September 2, 2011 § Leave a comment


I asked Her as we pulled into the Sonic drive through, with bellies roaring with hunger after the four hour hike up and down a spectacular bluff in Tazewell, Virginia.  Our photographic venture had left us both amazed and starving.

“Haha, I don’t know,” she retorted, “you know I’m not really crazy about Sci-Fi stuff and all.”

Over the next ten minutes, while utterly destroying the cheeseburgers, onion rings, and frothy milkshakes that laid before us, I explained the depth of those three movies as best I could.  How starships and lightsabers only set the stage to tell an epic and moving story about courage, loyalty, friendship, love (if you, like I do, consider the three as a single story), sacrifice, and especially redemption.  I’ve witnessed many a Facebook status to the amount of “everybody deserves a second chance,” but have seen few events which better exemplify redemption than Vadar’s sacrifice at the end of the third film.

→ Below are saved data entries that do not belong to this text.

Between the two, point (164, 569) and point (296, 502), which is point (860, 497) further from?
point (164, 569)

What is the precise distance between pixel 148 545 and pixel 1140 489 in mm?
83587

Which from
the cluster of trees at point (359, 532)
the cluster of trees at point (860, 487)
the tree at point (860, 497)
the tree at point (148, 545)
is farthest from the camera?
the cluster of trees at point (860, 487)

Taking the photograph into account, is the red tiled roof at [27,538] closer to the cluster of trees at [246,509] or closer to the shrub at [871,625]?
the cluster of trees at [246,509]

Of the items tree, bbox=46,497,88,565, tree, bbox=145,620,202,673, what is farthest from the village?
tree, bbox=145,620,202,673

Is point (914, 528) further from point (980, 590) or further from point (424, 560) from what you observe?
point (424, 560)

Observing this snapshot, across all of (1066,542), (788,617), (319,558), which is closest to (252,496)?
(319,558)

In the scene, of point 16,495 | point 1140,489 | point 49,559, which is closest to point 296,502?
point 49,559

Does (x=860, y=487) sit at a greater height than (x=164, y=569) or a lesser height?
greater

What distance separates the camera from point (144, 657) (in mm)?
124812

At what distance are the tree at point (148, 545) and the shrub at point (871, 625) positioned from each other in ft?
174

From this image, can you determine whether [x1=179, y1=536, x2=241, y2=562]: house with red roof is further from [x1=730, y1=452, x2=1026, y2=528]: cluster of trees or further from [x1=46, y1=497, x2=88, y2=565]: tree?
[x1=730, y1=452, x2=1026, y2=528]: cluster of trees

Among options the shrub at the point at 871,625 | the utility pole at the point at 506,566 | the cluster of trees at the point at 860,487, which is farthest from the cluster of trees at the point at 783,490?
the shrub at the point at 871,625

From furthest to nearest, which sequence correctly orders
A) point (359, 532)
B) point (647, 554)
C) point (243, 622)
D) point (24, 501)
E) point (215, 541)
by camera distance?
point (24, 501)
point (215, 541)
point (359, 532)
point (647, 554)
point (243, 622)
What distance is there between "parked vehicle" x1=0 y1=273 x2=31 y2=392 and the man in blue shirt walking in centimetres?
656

“Seriously?”  She added at the conclusion of my spiel, “I always thought it was just an action movie, with lasers and robots and stuff.”

“Well, I mean, it has that too,” I responded with a rather large grin on my face.

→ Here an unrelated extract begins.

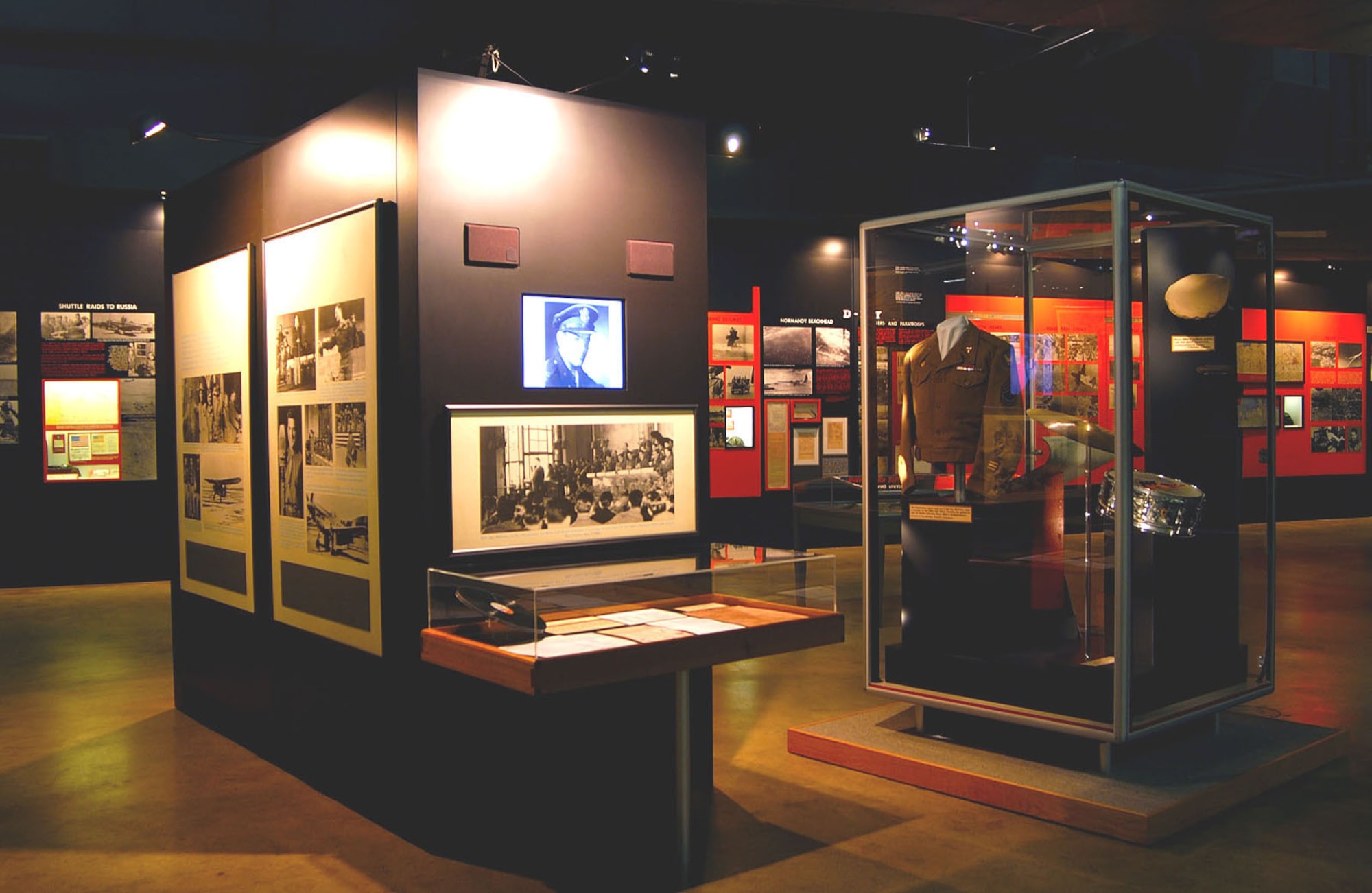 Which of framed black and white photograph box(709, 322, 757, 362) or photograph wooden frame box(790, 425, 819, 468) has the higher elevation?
framed black and white photograph box(709, 322, 757, 362)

“Haha, boys will be boys.”

“I don’t think science fiction has to do with gender.  I think more than anything it’s because we really want to believe than anything is possible,” I said to Her, “that our experiences are only limited by our imaginations.  I mean take Blade Runner for example…”  She laughed and gave me a look as if I was talking about some futuristic weapon of mass destruction.

“It’s a movie, haha,” I quickly added.  I recalled to Her the scene in which Deckard repeatedly asks his computer to “enhance” an image to give him a lead in his investigation.  “I wish getting a great shot was as easy for me as it is for Rick Deckard.  We just hiked up and down a mountain, and I might have gotten nothing at all.”

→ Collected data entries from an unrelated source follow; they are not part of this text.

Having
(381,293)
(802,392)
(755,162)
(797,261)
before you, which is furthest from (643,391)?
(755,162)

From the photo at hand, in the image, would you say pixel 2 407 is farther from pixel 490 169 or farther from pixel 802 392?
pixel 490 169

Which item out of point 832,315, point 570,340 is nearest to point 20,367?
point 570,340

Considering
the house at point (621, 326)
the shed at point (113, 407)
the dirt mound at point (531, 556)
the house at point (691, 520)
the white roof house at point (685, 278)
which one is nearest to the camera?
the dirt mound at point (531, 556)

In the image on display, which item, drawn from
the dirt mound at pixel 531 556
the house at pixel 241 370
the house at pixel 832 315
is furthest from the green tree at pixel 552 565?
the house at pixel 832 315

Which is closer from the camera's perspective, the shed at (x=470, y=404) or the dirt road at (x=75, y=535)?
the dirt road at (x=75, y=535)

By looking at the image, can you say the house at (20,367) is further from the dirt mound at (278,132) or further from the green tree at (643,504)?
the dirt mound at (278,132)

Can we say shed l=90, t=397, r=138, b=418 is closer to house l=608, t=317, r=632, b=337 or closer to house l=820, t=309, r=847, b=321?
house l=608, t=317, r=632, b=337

“Oh my gosh, hush.  I loved the shot you took of the owl in Warner Park.  You’ve got a great skill,” she said.

“Umm, not exactly,” I quickly added, “Had I not driven by at that exact moment, OR not had my camera, OR not brought my long lens, OR not had such a perfect subject who for God only knows stayed on that branch despite my frantic (and rather loud) attempts to open the trunk of my car and put my gear together, that shot would have never occurred.  That was more luck than art!”

“Well you consider Star Wars art even though science says it shouldn’t have happened either right?  I think I’ve picked out a movie for us to watch tonight.”

I smiled to myself as we pulled out of the parking lot.  After all, everything has an art to it.